Air pressure inside the reactor at the Fukushima No. 1 plant, located 250 kilometres (155 miles) north of Tokyo, rose suddenly when the air flow gauge was accidentally turned off, operator Tokyo Electric Power Co. (TEPCO) said.

That blocked the flow of cooling water into the reactor, leading to full exposure of the rods at around 11:00 pm Monday (1400 GMT), TEPCO said.

"We are not optimistic but I think we can inject water once we can reopen the valve and lower air pressure," a TEPCO official told reporters.

Japan has been grappling with a nuclear emergency since a massive earthquake and tsunami battered its northeast coast Friday.

The nuclear plants shut down automatically, as they are designed to do.
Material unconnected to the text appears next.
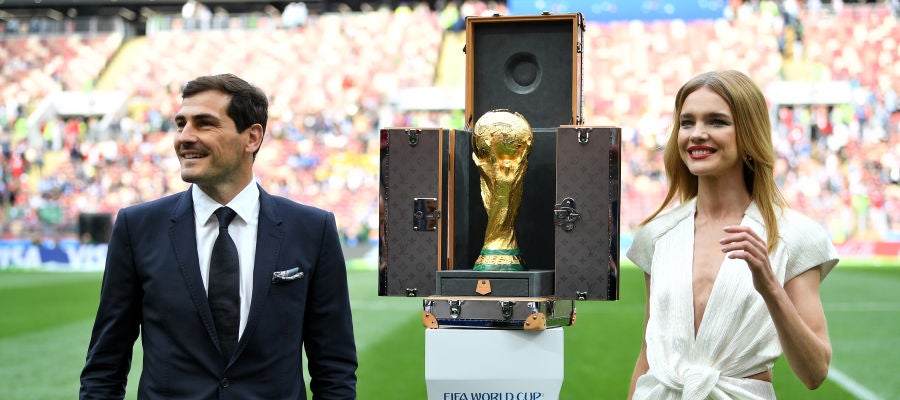 Iker Casillas y Natalia Vodianova presentan el trofeo del Mundial Iker Casillas y Natalia Vodianova presentan el trofeo del Mundial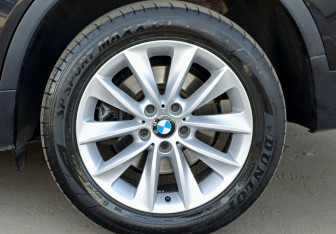 Подержанный автомобиль BMW X3 2016 года (9 фото)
But the loss of power in the area and tsunami damage to back-up generators apparently crippled reactor cooling systems.

Explosions created by hydrogen blew apart the buildings housing the number one and number three reactors, but did not pierce the reactors' steel and concrete containment vessel.

Chief government spokesman Yukio Edano said that radiation around the Fukushima plant was at a tolerable level for humans.

AIRCRAFT CHECKED FOR RADIATION

Meanwhile, German airline Lufthansa is scanning aircraft that return from Japan for radioactivity but has not detected any yet.

"This is a precautionary measure for us," a Lufthansa spokesman told AFP.

Aircraft that flew to Lufthansa hubs in Frankfurt and Munich were checked by airport fire services but no radioactivity has been detected so far, he added.

A spokesman for the Frankfurt airport said that only Lufthansa had taken the measure so far.

"As far as I know Japanese airlines have not" asked that their planes be checked as well, and "no official directive" has been issued regarding the measure, the airport spokesman said.

A US aircraft carrier deployed off tsunami-hit Japan for relief efforts has repositioned after detecting low-level radiation from malfunctioning nuclear power plants, a US statement said Monday.

"The source of this airborne radioactivity is a radioactive plume released from the Fukushima Dai-Ichi Nuclear Power Plant," said the US statement.

The ship was operating at sea about 160 kilometres (100 miles) northeast of the power plant at the time, but it is not known how high or how far the plume had spread.